A série é baseada no universo de “Game of Thrones”, inspirada no livro “Fogo e Sangue” de George R.R Martin, e se passa no mundo fictício de Westeros. No entanto, é importante ressaltar que a série não se concentra necessariamente em ideologias políticas contemporâneas, como esquerda ou direita. Em vez disso, ela retrata uma sociedade feudal na qual várias casas nobres lutam pelo poder, enquanto a maioria do povo vive em condições extremamente precárias. Dentro desse contexto, é difícil atribuir uma classificação política específica a cada casa ou personagem, uma vez que suas ações e motivações são influenciadas por uma variedade de fatores, como ambição, lealdade familiar, vingança e sobrevivência. Nas redes sociais, muitas pessoas tomam partido dos “verdes”, que apoiam Aegon II na sucessão do reino, ou dos “pretos”, liderados por Rhaenyra Targaryen. É visível a tentativa de encontrar elementos políticos contemporâneos na disputa fictícia.
No entanto, a lógica da série gira em torno de classes dominantes controladas por famílias tradicionais, cujo poder é legitimado pela hereditariedade. Essas linhagens já eram apresentadas em “Game of Thrones” e representam um modelo de dominação baseado em relações feudais. Embora a série não foque muito nas revoltas populares, ela já mostra os danos causados pela guerra entre as elites para a maioria da população, como fome, escassez de recursos básicos, extrema pobreza e violência urbana. Apesar dos elementos fictícios, a série retrata um cenário bem conhecido na atualidade, de poderosos grupos familiares, com linhagens sucessórias que concentram a riqueza e mantêm a maioria da população em condições precárias sob dominação política.
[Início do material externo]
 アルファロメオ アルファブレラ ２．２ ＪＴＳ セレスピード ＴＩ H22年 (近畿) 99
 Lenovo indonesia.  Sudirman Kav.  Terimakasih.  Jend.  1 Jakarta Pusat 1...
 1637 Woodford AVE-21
A grande diferença de ”Game of thrones” e ”House of the dragon” está no perfil da disputa travada. Na segunda, a guerra pelo poder se dá dentro da própria dinastia reinante, o que traz um ar de briga do ”poder pelo poder”. Entre os “verdes” e os “pretos”, é difícil determinar se há um lado mais justo. Não tendo lido os livros e sendo um conhecedor limitado do universo, minha impressão é que há uma narrativa que nos leva a apoiar Rhaenyra por ser a herdeira mulher ao trono, sendo esse o único motivo de sua tentativa de exclusão da sucessão dos Reinos. Além disso, ela se mostra mais moderada e empática ao longo dos episódios que saíram até aqui. Mas os personagens têm grande complexidade e não é possível adiantar a torcida.
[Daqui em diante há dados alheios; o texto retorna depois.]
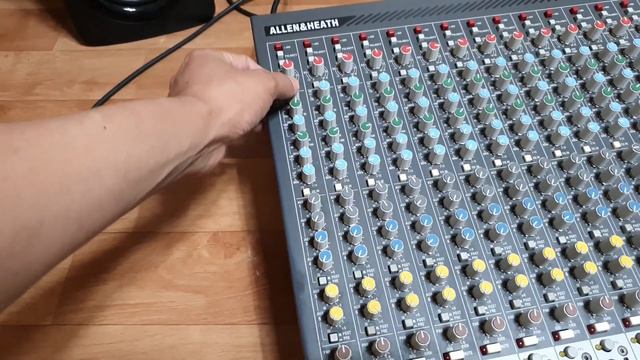 allen heath gl 2400 32ch original mulus balap смотреть онлайн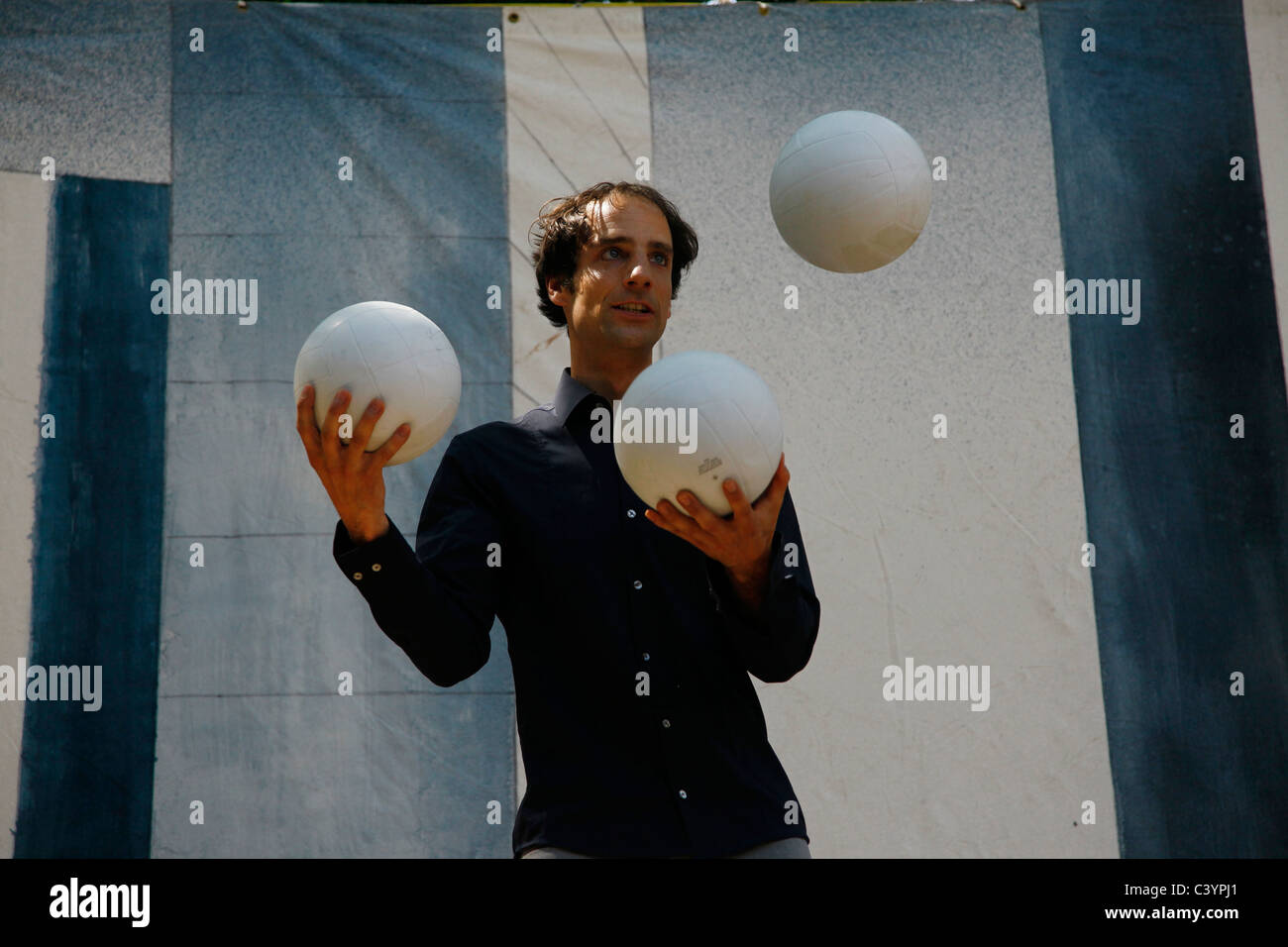 Juggler throwing balls in the air Stock Photo Alamy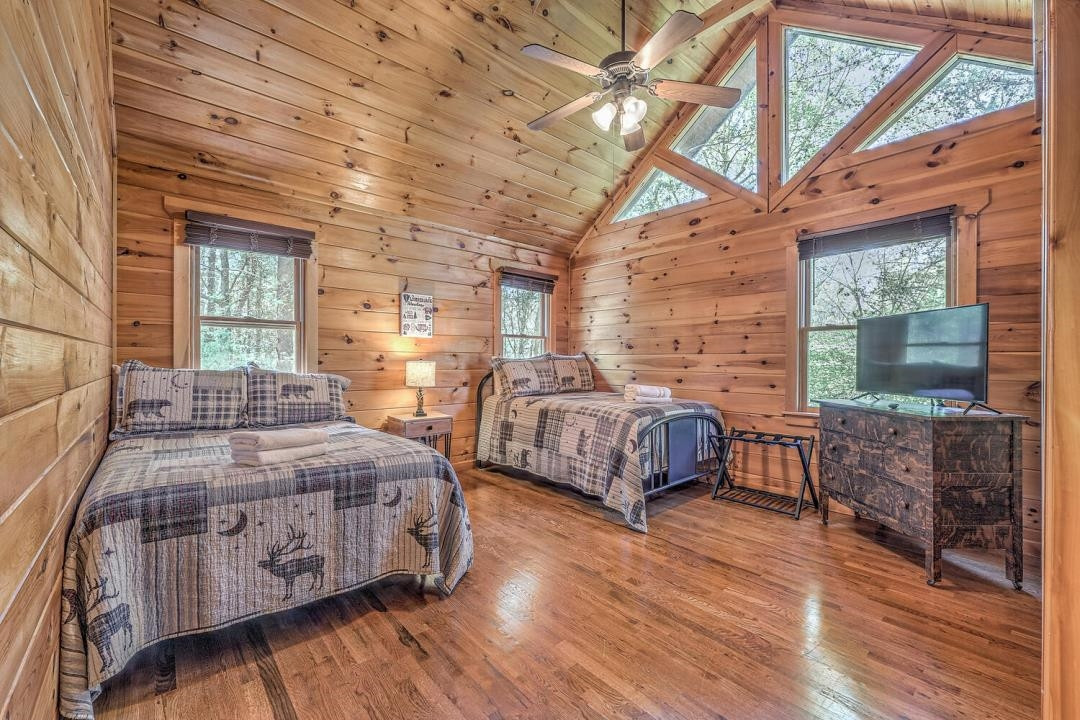 398 Pin Oak Road Murphy, NC 28906 - Photo 19 of 30 a bedroom with bed wooden floor and window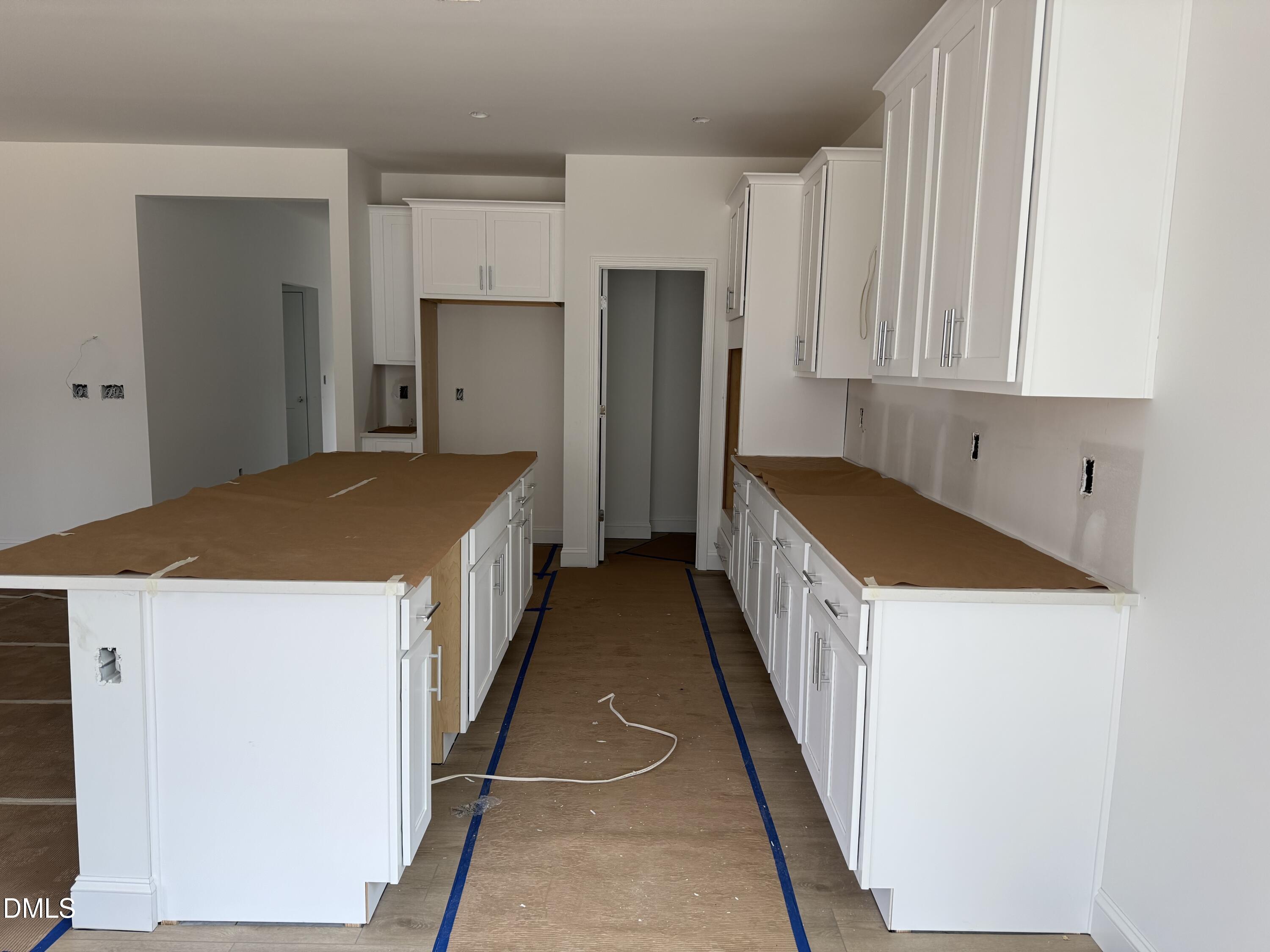 912 Fetching Place 343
Uma das histórias interessantes abordadas ao longo da série é a da Princesa Rhaenys, conhecida como a Rainha que nunca foi. Apesar de ser a herdeira legítima do trono para suceder seu pai, foi preterida por ser mulher, e seu primo Viserys acabou coroado. A rainha que nunca foi é uma caso explícito de machismo e do afastamento sistemático de mulheres dos espaços de poder, algo tão comum na fantasia dos sete reinos como no contexto político atual. O Brasil ao longo da sua história só teve uma Presidente da república mulher, possui apenas 18% de cadeiras da Câmara dos deputados ocupadas por mulheres e no senado são 15 mulheres de um total de 81 senadores. Este é mais um dos elementos em que o seriado tenta trazer discussões atuais para o espectador. Outro personagem da primeira temporada que nos traz para a atualidade é Laenor Velaryon que para viver sua homossexualidade de forma definitiva e fora do armário precisa tomar uma decisão drástica.
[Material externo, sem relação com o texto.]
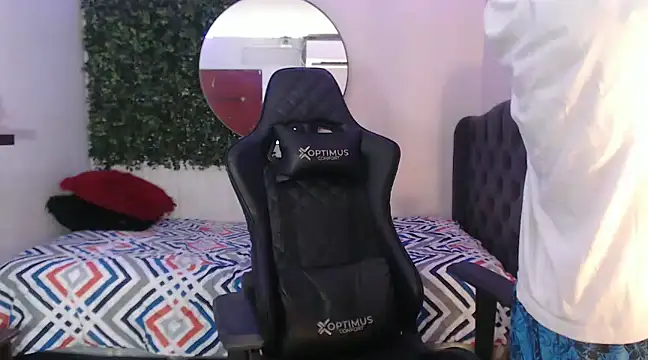 Snapshot of andy_dan18 chatting on 02-17-25, 11:31 andy dan18 online show from 02-17-25, 11:31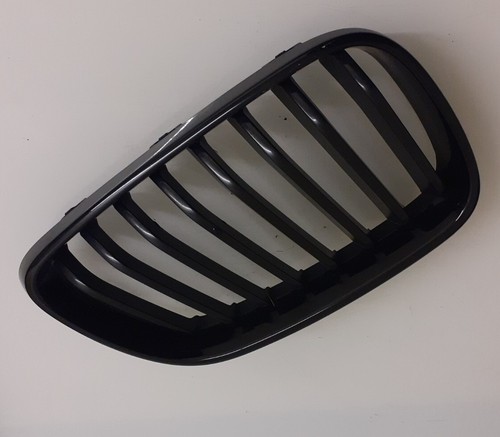 BMW 2ER F22 FAHRER SEITE RECHTS VORNE STOßSTANGE NIERENGRILL 7295522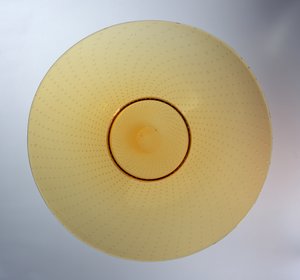 Plat en ambre avec motif de bulles incluses, fabriqué par James Powell & Sons, c.1938 - Barnaby Powell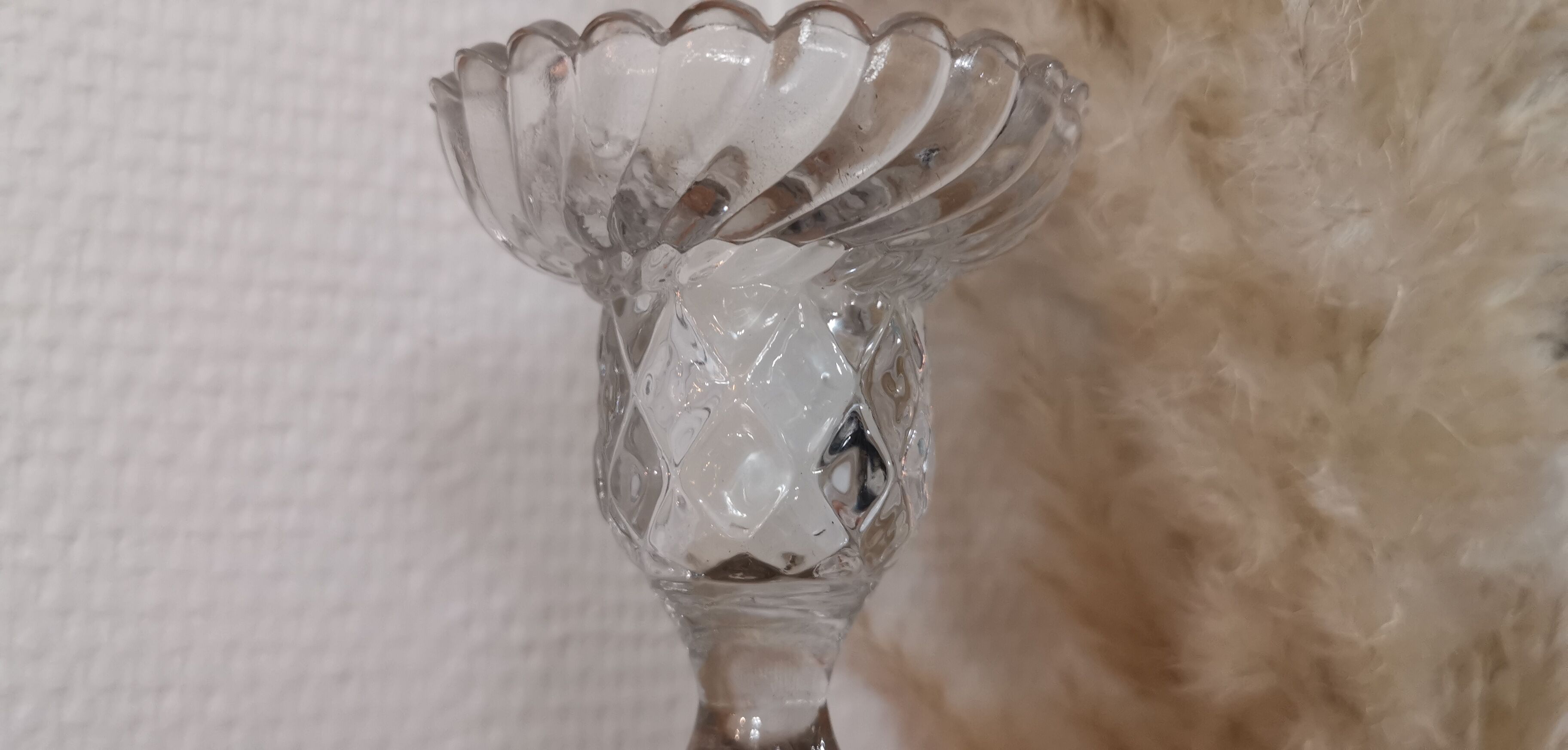 Portieux candle holder in molded glass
Por fim, indico a série por ver elementos muito instigantes no jogo político intrincado em relações envolventes e realistas. De alguma forma, a ficção nos traz reflexões sobre como os governos funcionam, como as decisões políticas podem ser tomadas. Além disso, ”House of the dragon” aborda temas recorrentes na política como traição, corrupção e manipulação. Ao longo da trama, estes aspectos até aumentam a nossa indignação com o sistema político que vivemos. No fim, Westeros não é tão distante.